Spring Hill City Attorney Patrick Carter later refuted Coker's statements, calling the process of soliciting bids for management of the plantation conducted by the city "typical, regular and beyond what is even legally necessary."

"There was comment that it was a short period of time — it wasn't a short period of time, everyone had the same chance to respond to the RFQ," Carter said. "We had many calls [but only] one response which was the BOFT. To say otherwise is not true."

Past opposition

City leaders had seen opposition to moving forward with BOFT in the past, with Franklin Attorney Edwards Phillips making comments about the nonprofit during the April 19 meeting of the Spring Hill Board of Mayor and Aldermen.

"We should probably slow down a little bit," Phillips said of the city appearing to be moving forward with BOFT with regards to Rippavilla.

"There are comments from your city attorney saying that to put together a contract in two weeks is going to be rather difficult. I know this is a very important issue to Spring Hill because it deals with not only local history, [but] state history, national history."

Edwards Phillips

A former attorney for the state of Tennessee, Edward Phillips owns his own law practice in Franklin.

Phillips continued, adding remarks about BOFT CEO Eric Jacobson.

"With that in mind, I also want to bring to your attention that there have been some legal actions against the city of Franklin involving the individual who has put together his letter of intent, Mr. Jacobson," Phillips said.

"One deals with who owns the property upon which the United Daughters of the Confederacy's memorial sits in the center of town in Franklin."

Phillips added that city leaders should also "keep in mind" the Tennessee Heritage Protection Act in regards to changes made to the plantation as outlined in the master plan for the property.

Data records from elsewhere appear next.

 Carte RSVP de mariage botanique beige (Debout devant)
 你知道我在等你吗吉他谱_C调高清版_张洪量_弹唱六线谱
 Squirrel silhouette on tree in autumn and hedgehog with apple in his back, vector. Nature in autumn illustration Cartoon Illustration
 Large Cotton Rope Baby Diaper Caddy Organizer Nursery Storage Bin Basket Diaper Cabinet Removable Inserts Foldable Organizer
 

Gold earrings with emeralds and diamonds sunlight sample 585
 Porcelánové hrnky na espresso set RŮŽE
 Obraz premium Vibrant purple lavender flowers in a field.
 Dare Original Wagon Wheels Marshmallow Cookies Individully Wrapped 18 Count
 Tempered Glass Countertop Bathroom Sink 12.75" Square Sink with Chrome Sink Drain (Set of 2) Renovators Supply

Regarding his thoughts on BOFT, Phillips said that while he had no ill-will towards Jacobson, he had serious concerns over handing Rippavilla over to BOFT.

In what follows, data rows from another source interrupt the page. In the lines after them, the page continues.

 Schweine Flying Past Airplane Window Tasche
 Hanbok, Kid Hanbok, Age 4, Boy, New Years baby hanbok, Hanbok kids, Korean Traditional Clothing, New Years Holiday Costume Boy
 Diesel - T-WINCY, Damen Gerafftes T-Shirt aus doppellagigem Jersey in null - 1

"I bring these things before you because I am leery of seeing Rippavilla move into hands that may not be as thoughtful or contemplative as they need to be with regard to the Tennessee Heritage Protection Act," Phillips said. "With that said, I leave those comments with you, and my plea or hope is you will back off on the letter of intent."

The city would of course move forward and approve both the master plan and contract negotiations with BOFT that same meeting on April 19.

Fast forward to this week's meeting on May 3, and Coker had also mentioned Phillips' comments briefly after exceeding her allotted five minutes of speaking time, referencing him as "our attorney."

"I just wanted to mention that our attorney was here last meeting and he did give you some instruction on state law about the master plan, and I would like to remind you that any actions about that master plan would be in violation of state law."

Spring Hill leaders are set to vote on the contract granting BOFT management duties of Rippavilla Plantation during the next voting meeting at 6 p.m. on Monday, May 17. To live stream that meeting, click here.

UPDATE: Among the groups that Coker said she had reached "verbal agreements" with was the Tennessee Civil War Preservation Association (TCWPA). Anthony Hodges, the president of TCWPA, refuted this claim, claiming it to be "an outright falsehood" and said that he had never met Coker.